Do these data show that cops are racist? That is not how Levine and his co-authors, Jon Gettman and Loren Siegel, interpret them:
Young blacks and Latinos use marijuana at lower rates than young whites. So why are police in California arresting young blacks and Latinos at higher rates than young whites, and at greater numbers than their percentages of the population? Based on our studies of policing in New York and other cities, we do not think the arrests are mostly a result of personal bias or racism on the part of individual patrol officers and their immediate supervisors. Rather, this is a system-wide phenomenon, occurring in every county and nearly every police department in California and elsewhere.
Police departments deploy most patrol and narcotics police to certain neighborhoods, usually designated "high crime." These are disproportionately low-income, and disproportionately African-American and Latino neighborhoods. It is in these neighborhoods where the police make most patrols, and where they stop and search the most vehicles and individuals, looking for "contraband" of any type in order to make an arrest. The item that young people in any neighborhood are most likely to possess, which can get them arrested, is a small amount of marijuana. In short, the arrests are racially biased mainly because the police are systematically "fishing" for arrests in only some neighborhoods, and methodically searching only some "fish." This produces what has been termed "racism without racists."

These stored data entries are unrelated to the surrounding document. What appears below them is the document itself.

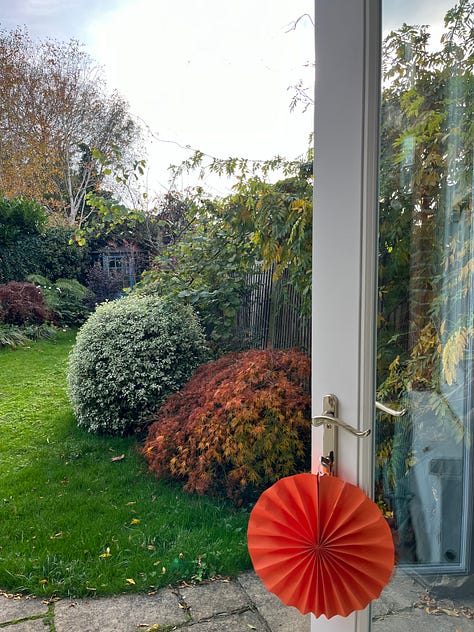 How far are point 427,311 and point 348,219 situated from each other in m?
0.19

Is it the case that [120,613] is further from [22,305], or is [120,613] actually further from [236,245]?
[22,305]

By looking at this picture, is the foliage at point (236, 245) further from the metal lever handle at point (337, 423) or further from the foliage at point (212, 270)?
the metal lever handle at point (337, 423)

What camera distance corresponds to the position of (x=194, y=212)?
328 cm

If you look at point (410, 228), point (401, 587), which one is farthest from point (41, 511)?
point (410, 228)

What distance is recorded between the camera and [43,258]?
5477 millimetres

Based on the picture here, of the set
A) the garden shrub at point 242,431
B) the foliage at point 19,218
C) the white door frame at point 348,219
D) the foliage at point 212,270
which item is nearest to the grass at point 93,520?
the garden shrub at point 242,431

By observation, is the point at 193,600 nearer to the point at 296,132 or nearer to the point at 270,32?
the point at 296,132

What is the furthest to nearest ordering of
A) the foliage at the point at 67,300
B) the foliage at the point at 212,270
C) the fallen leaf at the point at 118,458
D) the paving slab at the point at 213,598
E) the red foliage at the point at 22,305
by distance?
the foliage at the point at 67,300 → the red foliage at the point at 22,305 → the foliage at the point at 212,270 → the fallen leaf at the point at 118,458 → the paving slab at the point at 213,598

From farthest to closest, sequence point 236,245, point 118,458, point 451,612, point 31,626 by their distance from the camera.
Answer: point 236,245, point 118,458, point 31,626, point 451,612

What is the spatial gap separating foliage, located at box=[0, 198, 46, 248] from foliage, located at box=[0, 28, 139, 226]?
17 centimetres

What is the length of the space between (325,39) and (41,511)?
2414 mm

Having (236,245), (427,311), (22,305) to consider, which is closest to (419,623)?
(427,311)

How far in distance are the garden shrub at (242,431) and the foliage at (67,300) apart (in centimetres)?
267

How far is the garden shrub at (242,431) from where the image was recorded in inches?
93.4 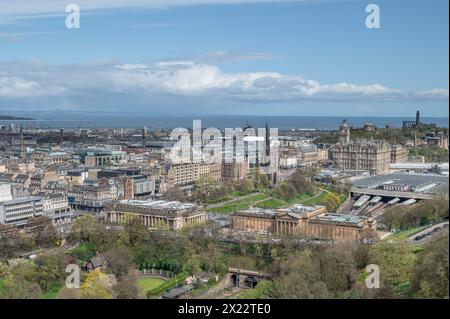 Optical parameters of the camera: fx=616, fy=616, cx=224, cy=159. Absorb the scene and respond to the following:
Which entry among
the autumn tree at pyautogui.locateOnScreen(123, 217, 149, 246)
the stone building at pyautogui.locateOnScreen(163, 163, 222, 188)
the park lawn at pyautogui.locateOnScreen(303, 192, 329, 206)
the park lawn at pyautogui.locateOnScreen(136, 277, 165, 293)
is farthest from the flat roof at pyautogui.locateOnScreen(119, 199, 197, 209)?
the park lawn at pyautogui.locateOnScreen(136, 277, 165, 293)

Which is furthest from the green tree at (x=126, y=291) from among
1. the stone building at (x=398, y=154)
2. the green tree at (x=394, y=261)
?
the stone building at (x=398, y=154)

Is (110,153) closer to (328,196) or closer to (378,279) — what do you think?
(328,196)

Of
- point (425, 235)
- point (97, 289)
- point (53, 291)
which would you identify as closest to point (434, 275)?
point (97, 289)

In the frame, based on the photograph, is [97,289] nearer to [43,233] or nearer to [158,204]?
[43,233]

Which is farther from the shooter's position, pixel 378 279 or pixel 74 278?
pixel 74 278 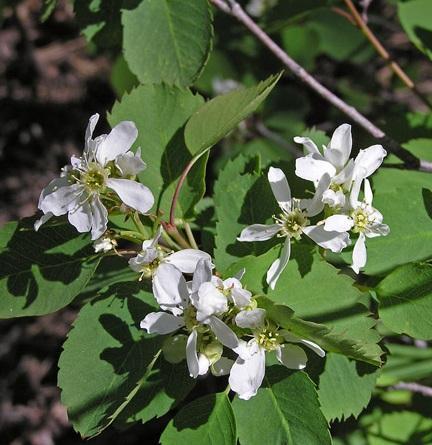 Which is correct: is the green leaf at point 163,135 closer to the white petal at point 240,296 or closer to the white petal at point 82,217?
the white petal at point 82,217

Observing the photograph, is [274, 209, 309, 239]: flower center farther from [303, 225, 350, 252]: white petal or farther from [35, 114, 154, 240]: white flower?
[35, 114, 154, 240]: white flower

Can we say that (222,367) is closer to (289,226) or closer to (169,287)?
(169,287)

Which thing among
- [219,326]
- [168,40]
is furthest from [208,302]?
[168,40]

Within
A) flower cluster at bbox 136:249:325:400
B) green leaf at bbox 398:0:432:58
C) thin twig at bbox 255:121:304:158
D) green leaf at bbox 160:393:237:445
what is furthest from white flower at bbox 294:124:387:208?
thin twig at bbox 255:121:304:158

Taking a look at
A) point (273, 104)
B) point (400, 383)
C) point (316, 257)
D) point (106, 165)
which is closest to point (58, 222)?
point (106, 165)

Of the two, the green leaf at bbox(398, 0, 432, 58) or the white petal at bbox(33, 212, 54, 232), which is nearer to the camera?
the white petal at bbox(33, 212, 54, 232)

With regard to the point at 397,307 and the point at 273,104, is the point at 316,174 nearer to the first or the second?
the point at 397,307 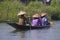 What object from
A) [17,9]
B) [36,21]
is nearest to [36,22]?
[36,21]

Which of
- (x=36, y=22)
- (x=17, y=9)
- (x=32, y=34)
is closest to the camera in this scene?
(x=32, y=34)

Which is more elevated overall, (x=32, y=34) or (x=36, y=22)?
(x=36, y=22)

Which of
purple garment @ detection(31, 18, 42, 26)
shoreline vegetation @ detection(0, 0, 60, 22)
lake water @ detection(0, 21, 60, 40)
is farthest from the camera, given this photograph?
shoreline vegetation @ detection(0, 0, 60, 22)

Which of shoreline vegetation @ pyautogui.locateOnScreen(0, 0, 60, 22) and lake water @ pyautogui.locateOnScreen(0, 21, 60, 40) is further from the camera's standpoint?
shoreline vegetation @ pyautogui.locateOnScreen(0, 0, 60, 22)

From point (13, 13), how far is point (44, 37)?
38.1 ft

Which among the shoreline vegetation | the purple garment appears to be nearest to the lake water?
the purple garment

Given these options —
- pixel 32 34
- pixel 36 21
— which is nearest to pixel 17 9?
pixel 36 21

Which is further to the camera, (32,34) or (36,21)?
(36,21)

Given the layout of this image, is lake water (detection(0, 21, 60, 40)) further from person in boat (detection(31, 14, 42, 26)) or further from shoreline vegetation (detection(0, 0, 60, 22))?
shoreline vegetation (detection(0, 0, 60, 22))

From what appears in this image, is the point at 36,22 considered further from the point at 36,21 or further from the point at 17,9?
the point at 17,9

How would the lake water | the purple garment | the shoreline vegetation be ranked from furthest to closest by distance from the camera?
the shoreline vegetation < the purple garment < the lake water

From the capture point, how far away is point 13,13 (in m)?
37.0

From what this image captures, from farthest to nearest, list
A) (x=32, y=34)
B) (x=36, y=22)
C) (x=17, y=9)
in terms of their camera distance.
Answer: (x=17, y=9) → (x=36, y=22) → (x=32, y=34)

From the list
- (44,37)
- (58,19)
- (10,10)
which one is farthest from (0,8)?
(44,37) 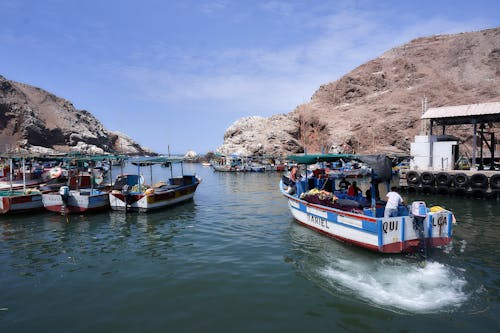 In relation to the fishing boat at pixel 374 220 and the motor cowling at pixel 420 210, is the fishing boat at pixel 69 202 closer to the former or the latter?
the fishing boat at pixel 374 220

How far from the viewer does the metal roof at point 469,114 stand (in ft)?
81.6

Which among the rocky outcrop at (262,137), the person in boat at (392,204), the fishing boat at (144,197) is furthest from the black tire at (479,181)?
the rocky outcrop at (262,137)

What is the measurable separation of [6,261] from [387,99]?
274ft

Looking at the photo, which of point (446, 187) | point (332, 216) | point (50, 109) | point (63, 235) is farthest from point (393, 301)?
point (50, 109)

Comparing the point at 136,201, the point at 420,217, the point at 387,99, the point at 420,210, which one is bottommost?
the point at 136,201

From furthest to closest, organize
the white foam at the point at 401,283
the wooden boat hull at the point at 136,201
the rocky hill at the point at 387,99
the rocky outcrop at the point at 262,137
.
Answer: the rocky outcrop at the point at 262,137 → the rocky hill at the point at 387,99 → the wooden boat hull at the point at 136,201 → the white foam at the point at 401,283

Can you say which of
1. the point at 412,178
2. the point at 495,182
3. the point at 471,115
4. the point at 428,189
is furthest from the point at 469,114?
the point at 428,189

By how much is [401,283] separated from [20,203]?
20.3 meters

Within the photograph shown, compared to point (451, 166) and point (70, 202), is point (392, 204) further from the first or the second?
point (451, 166)

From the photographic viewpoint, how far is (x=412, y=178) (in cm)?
2723

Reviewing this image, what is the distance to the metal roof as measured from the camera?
2488cm

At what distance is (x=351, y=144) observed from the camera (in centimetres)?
7025

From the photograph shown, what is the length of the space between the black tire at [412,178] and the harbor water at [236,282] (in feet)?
41.5

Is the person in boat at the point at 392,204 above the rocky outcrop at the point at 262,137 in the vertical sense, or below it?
below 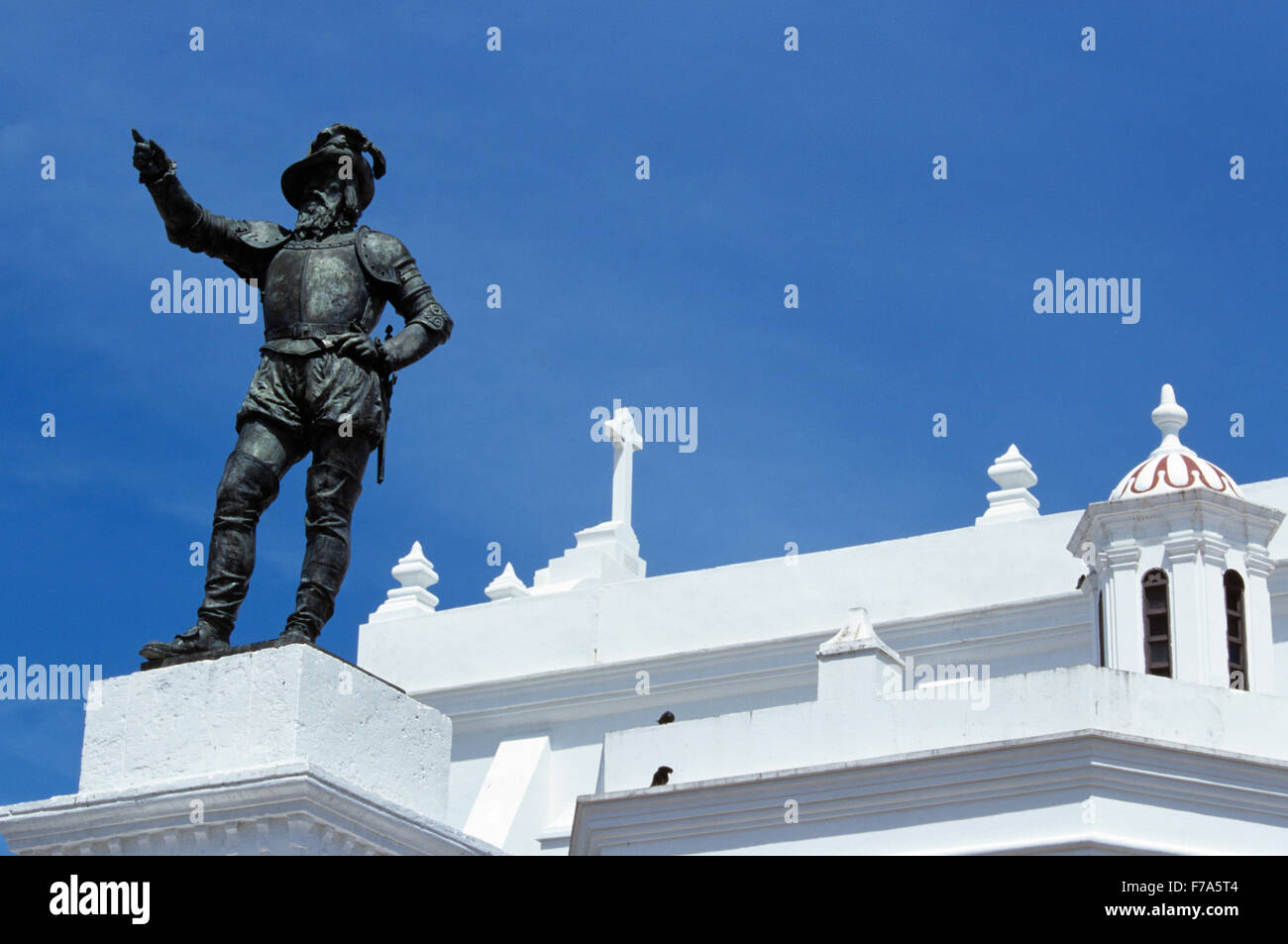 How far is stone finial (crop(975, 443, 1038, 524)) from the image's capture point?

The California NAACP nevertheless is understandably concerned about the racially disproportionate impact of this policy, just as it was understandably concerned about the racially disproportionate impact of mindlessly severe federal crack sentences (which were initially championed by black politicians). The ballot measure it backs, the Control and Tax Cannabis Initiative of 2010 (a.k.a. Proposition 19), would allow adults 21 or older to possess up to an ounce of marijuana and grow it for their own use. It also would authorize local governments to license and regulate the production and sale of marijuana.